Nolan and Apoca exchanged a surprised look. This could save them a lot of travel time, not to mention struggling with the puns. Or would it? “You can avoid the pundemic?” Nolan asked.
“Well, no. The puns soil my feet when I step on them, and my toes become fetishes. It’s a nuisance. But I like your company so much that I am willing to endure it.”
Vinia piped up. “I have some leftover vac scene that might help with that. But it has side effects.”
They discussed it, and Gina concluded that the em-bare-assing effect would not be much of a problem for her because her anatomy was already invisible. So she sniffed it, then laughed until she cried. Then she picked them up in a miniature (to her) glass cup and went out to try it on the nearest zone of egregiousness.
It was late in the day, and the sun had sunk so low that it accidentally touched the pundemic zone. It developed a circle of light around it, and looked as if it had a glowing headache.
“The sun has got the corona virus,” Gent said.
Gina groaned. But she did not get pundigestion and did not emit foul-smelling puns of her own. Her bare feet did not become foot fetishes. She was indeed now immune to the scene.

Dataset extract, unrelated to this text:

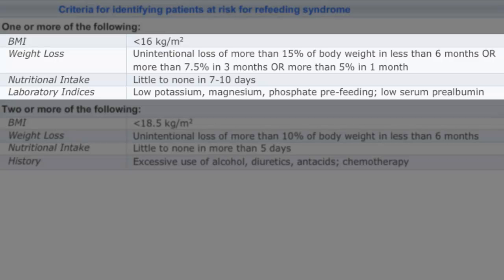A low nutritional intake for 7 to 10 days. And laboratory indices such as low potassium, magnesium, phosphate pre-feeding, and low serum pre-albumin.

Back in the cave, they feasted on incidental visible pies Gina had harvested by accident, and gulped visible boot rear, which retained its kick if not its appearance. Apoca, Gina, and Dolly decided to be a trio of unlikely girlfriends, their relationship based on compatibility and intellect rather than species. Nolan certainly had no objection; if that meant that the giantess and the llama were associates once he won the queen’s hand, so be it.
“Good conclusion,” Aurora agreed.
The group slept on invisible beds of ferns and had a good night. Aurora and Nimbus emulated the appearance of two of the doodlebug images and did a teasing panty-mime dance in his dream. Then Gina joined in, making a visible-girl dream form in their size. Such a thing could be done only in dreams, because of the considerable difference in their real sizes and forms, but was great fun here.

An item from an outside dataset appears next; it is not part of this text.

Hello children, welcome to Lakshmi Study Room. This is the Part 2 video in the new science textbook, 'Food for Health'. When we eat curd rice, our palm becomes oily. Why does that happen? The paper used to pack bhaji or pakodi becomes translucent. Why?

Nolan woke later in the night. “I just realized that we overlooked a detail. We don’t know where Squid is.”
“Dolly says she and Chaos are riding in Fibot, the Fire Sail Boat.”
“And where is Fibot?”
“That is the question of the hour. The boat travels all around Xanth, on special missions or just sightseeing. Dolly says not to be concerned about it; an avenue will appear.”
“Would it happen to be a green path Vinia sees?”
“Exactly.”
He relaxed and returned to sleep.
And woke again. “What of Dolly? Her island is still soaking wet.”

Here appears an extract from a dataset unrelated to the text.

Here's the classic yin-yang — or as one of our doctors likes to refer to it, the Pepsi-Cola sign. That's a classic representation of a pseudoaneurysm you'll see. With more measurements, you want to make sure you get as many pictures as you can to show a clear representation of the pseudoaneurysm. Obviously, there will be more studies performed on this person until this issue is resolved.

The ant checked. “Dolly will accompany us, then return with Gina once we move on.”
That did seem to make sense. He slept again.
In the morning they ate, handled natural functions, then got into the cup. There was room for the five solid human-sized folk, the ghost, two bugs, and the baton. Gina set a mesh cap on the top and lifted it high as she strode out of the cave. They peered through the glass and saw the landscape as if they were flying at treetop height. That was an interesting experience in its own right.
“I have not witnessed this scene before from this vantage,” Dolly said as she peered down through the bottom of the glass at the slightly shaded pundemic region.
“I have,” Vinia said. “We used flying carpets in my protagonism story. They flew much higher, so we could see as the birds do.”
“That would be interesting,” Gent said.
Nolan saw that when the sunlight struck the glass bottom at the right angle, there was a faint reflection. He wondered whether Apoca’s legs would be visible under her skirt.